# [What you will do]
Copy out all the lines of the data precisely, omitting any pictures.

-- Entries supplied follows --

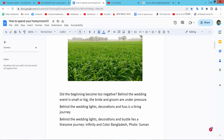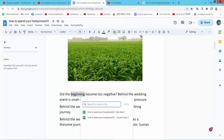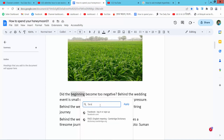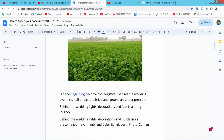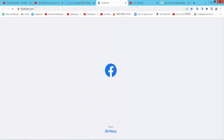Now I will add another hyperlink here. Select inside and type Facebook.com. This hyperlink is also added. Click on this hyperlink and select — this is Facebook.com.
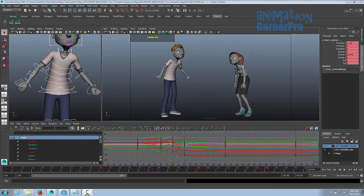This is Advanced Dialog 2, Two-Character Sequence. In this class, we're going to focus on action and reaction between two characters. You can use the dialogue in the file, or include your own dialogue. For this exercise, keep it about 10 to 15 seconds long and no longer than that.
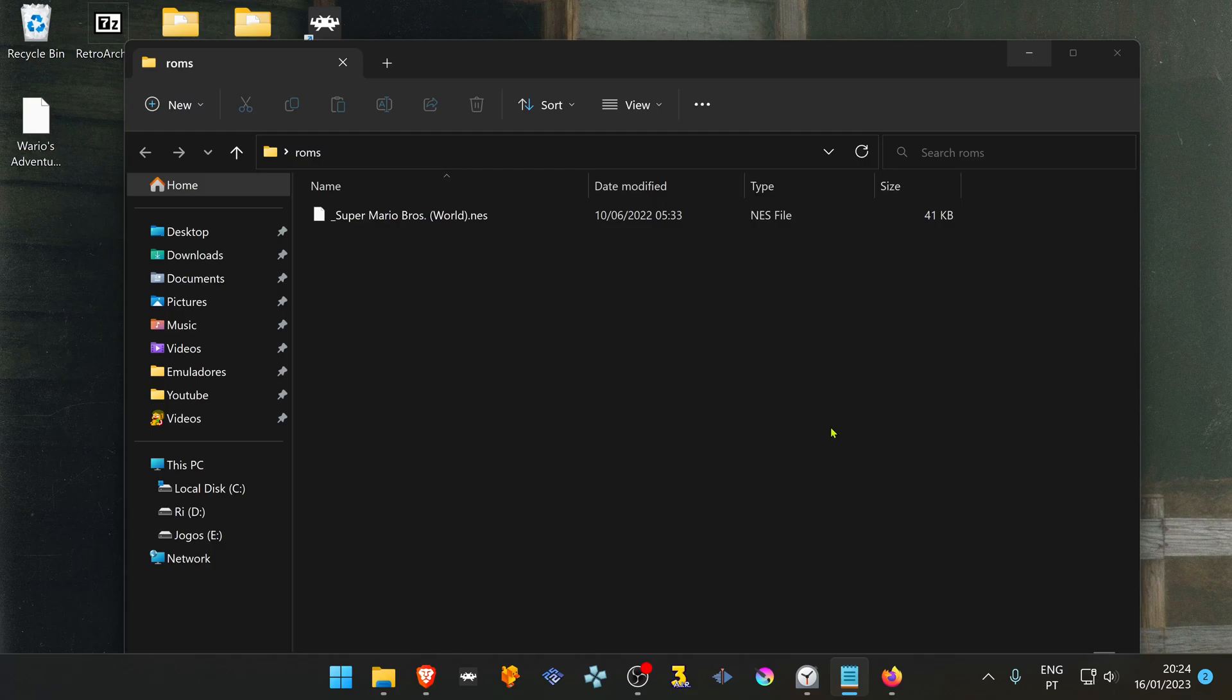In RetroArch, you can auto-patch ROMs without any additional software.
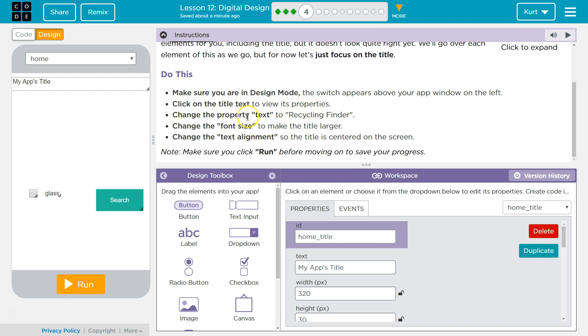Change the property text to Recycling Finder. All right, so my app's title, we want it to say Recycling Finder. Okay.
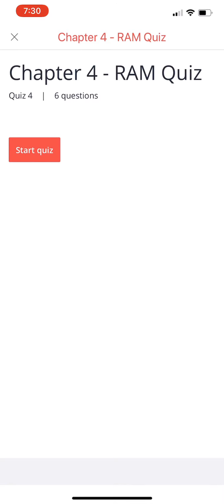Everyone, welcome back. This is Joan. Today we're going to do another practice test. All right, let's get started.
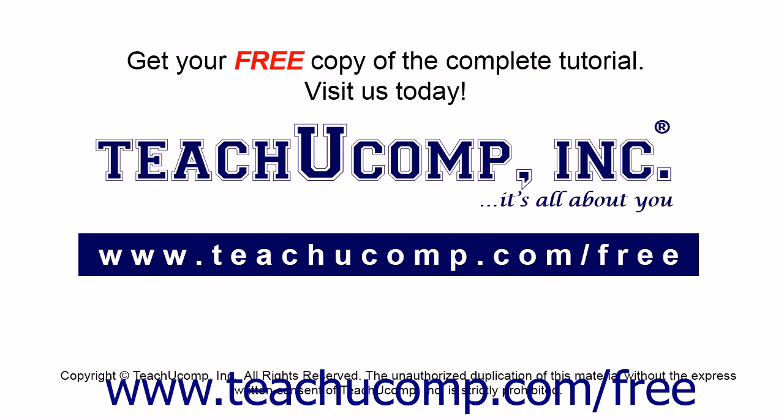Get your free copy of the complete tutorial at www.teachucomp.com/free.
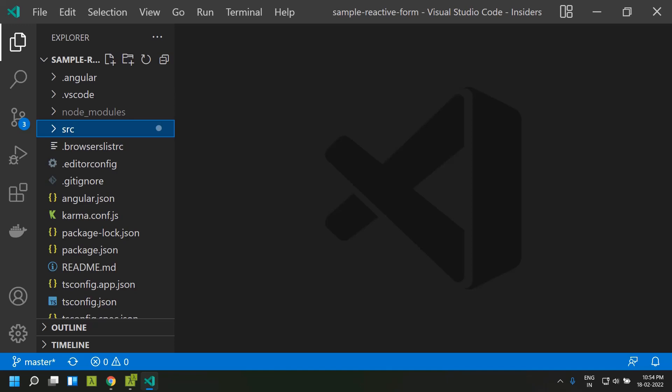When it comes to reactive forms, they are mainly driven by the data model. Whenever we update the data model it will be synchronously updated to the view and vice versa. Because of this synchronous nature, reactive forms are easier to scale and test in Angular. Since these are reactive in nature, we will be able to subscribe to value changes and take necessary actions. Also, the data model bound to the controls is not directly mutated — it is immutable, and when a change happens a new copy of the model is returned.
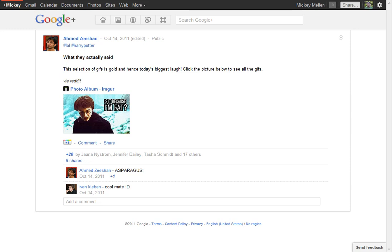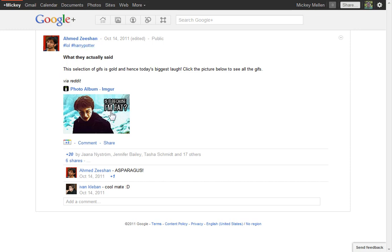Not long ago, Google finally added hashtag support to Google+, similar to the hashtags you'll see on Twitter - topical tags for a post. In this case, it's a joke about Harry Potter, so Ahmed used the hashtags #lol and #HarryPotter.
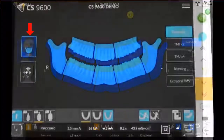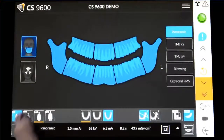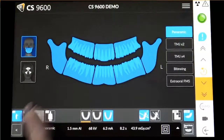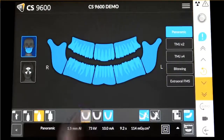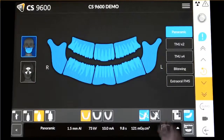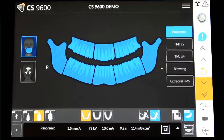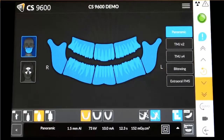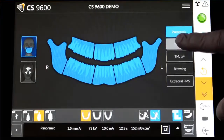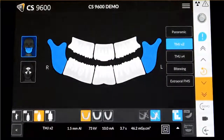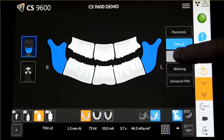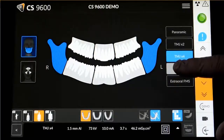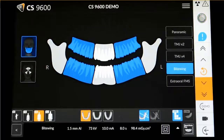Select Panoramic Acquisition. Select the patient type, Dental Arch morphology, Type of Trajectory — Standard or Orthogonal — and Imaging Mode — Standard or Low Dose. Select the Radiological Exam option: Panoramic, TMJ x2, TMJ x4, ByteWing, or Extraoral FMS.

-- Entries supplied concluded --

# [Written solution]
Now I will add another hyperlink here. Select inside and type Facebook.com. This hyperlink is also added. Click on this hyperlink and select — this is Facebook.com.
This is Advanced Dialog 2, Two-Character Sequence. In this class, we're going to focus on action and reaction between two characters. You can use the dialogue in the file, or include your own dialogue. For this exercise, keep it about 10 to 15 seconds long and no longer than that.
In RetroArch, you can auto-patch ROMs without any additional software.
Change the property text to Recycling Finder. All right, so my app's title, we want it to say Recycling Finder. Okay.
Everyone, welcome back. This is Joan. Today we're going to do another practice test. All right, let's get started.
Get your free copy of the complete tutorial at www.teachucomp.com/free.
When it comes to reactive forms, they are mainly driven by the data model. Whenever we update the data model it will be synchronously updated to the view and vice versa. Because of this synchronous nature, reactive forms are easier to scale and test in Angular. Since these are reactive in nature, we will be able to subscribe to value changes and take necessary actions. Also, the data model bound to the controls is not directly mutated — it is immutable, and when a change happens a new copy of the model is returned.
Not long ago, Google finally added hashtag support to Google+, similar to the hashtags you'll see on Twitter - topical tags for a post. In this case, it's a joke about Harry Potter, so Ahmed used the hashtags #lol and #HarryPotter.
Select Panoramic Acquisition. Select the patient type, Dental Arch morphology, Type of Trajectory — Standard or Orthogonal — and Imaging Mode — Standard or Low Dose. Select the Radiological Exam option: Panoramic, TMJ x2, TMJ x4, ByteWing, or Extraoral FMS.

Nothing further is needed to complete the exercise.